A partire dal 1960, infatti, le opere di Roy Lichtenstein iniziano ad avere come protagonisti figure ed elementi iconografici tratti dal mondo dei comic e da quello pubblicitario, inseriti all’interno di ambientazioni sgargianti e caratterizzate dalla presenza di puntini colorati (suo tratto distintivo principale). Dipinti in grande formato come WHAAM!, In The Car e Drowning Girl consacrano Roy Lichtenstein nell’olimpo della Pop Art, al pari di figure altrettanto rivoluzionarie come Warhol e Claes Oldenburg.
Nel contesto della rubrica di Artribune che fa incontrare grandi nomi del fumetto contemporaneo ad artisti famosi del Novecento (qui la puntata precedente), ne abbiamo parlato con il fumettista italiano Claudio Marinaccio.
Intervista al fumettista Claudio Marinaccio
Chi è Roy Lichtenstein, per Claudio Marinaccio?
Roy Lichtenstein è stato uno dei pochissimi artisti in grado di unire un’estetica da decorazione fruibile da tutti e un impianto narrativo ben definito. Per spiegarmi meglio: un quadro di Lichtenstein è un oggetto decorativo molto bello, ma è anche una vera e propria visione del mondo ben definita. Il fatto di estrarre frammenti di fumetti e decontestualizzarli rende unica la sua produzione, unendo l’aspetto molto popolare a quello più elitario dell’arte. D’altronde la Pop Art, di cui era uno dei padri, aveva proprio come concetto fondante quello di prendere oggetti comuni e trasformarli per scioccare e provocare, tracciando una linea netta con il passato.
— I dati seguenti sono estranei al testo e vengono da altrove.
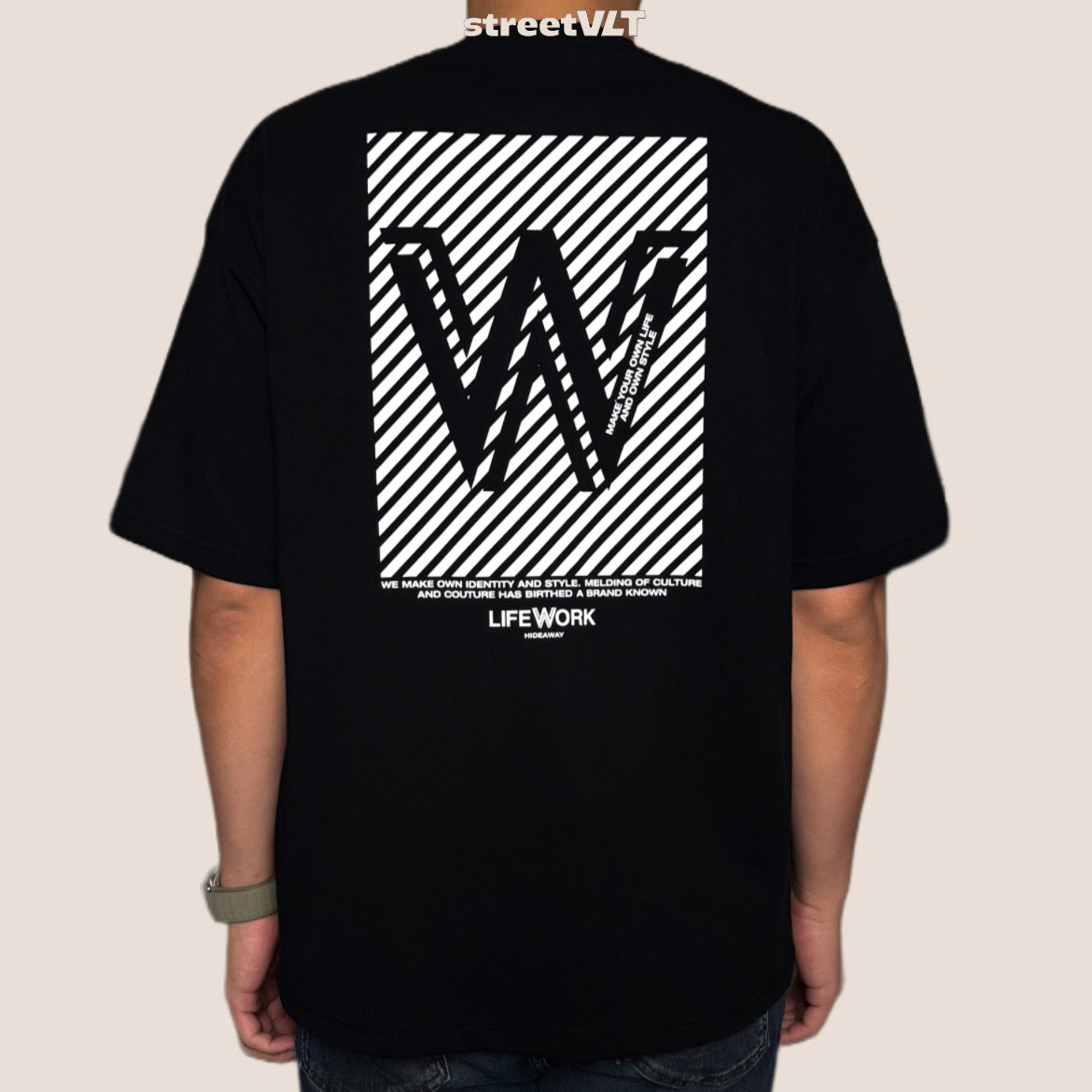 Life Work Korea W Stripe Logo Tee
Perché hai scelto di puntare le matite su di lui?
Raccontare a fumetti gli artisti per me è molto divertente, ma nel caso di Lichtenstein è quasi un passaggio obbligatorio, dato che ha rubato a piene mani dal mondo del fumetto. Ho usato il verbo “rubare” non a caso, ma nella concezione del furto già espressa da Picasso. Di Lichtenstein ho sempre apprezzato la sua idea di fondo, un po’ ironica e un po’ cinica, come se volesse prenderci in giro e provocarci ma con delicatezza e coinvolgimento.
L’arte di Lichtenstein attinge a piene mani dal mondo del fumetto e della cultura pop. Da fumettista, che affinità vedi tra la produzione dell’artista e il mondo della letteratura disegnata?
Lichtenstein ha dipinto i pixel digitali prima che nascessero i pixel, utilizzando una tecnica (chiamata “punti di Ben Day”, brevettata nel 1879) per creare un tipo di colorazione che poi sarà utilizzata sempre di più nei fumetti degli anni successivi fino ai giorni nostri: i retini. Spesso i fumettisti lottano affinché la categoria dei comics sia considerata a tutti gli effetti un’arte al pari delle altre. Beh, Lichtenstein ha dimostrato che è così! Qualsiasi fumettista dovrebbe ringraziare Roy per aver portato il fumetto in un’altra dimensione, esponendolo a una inedita attenzione mediatica.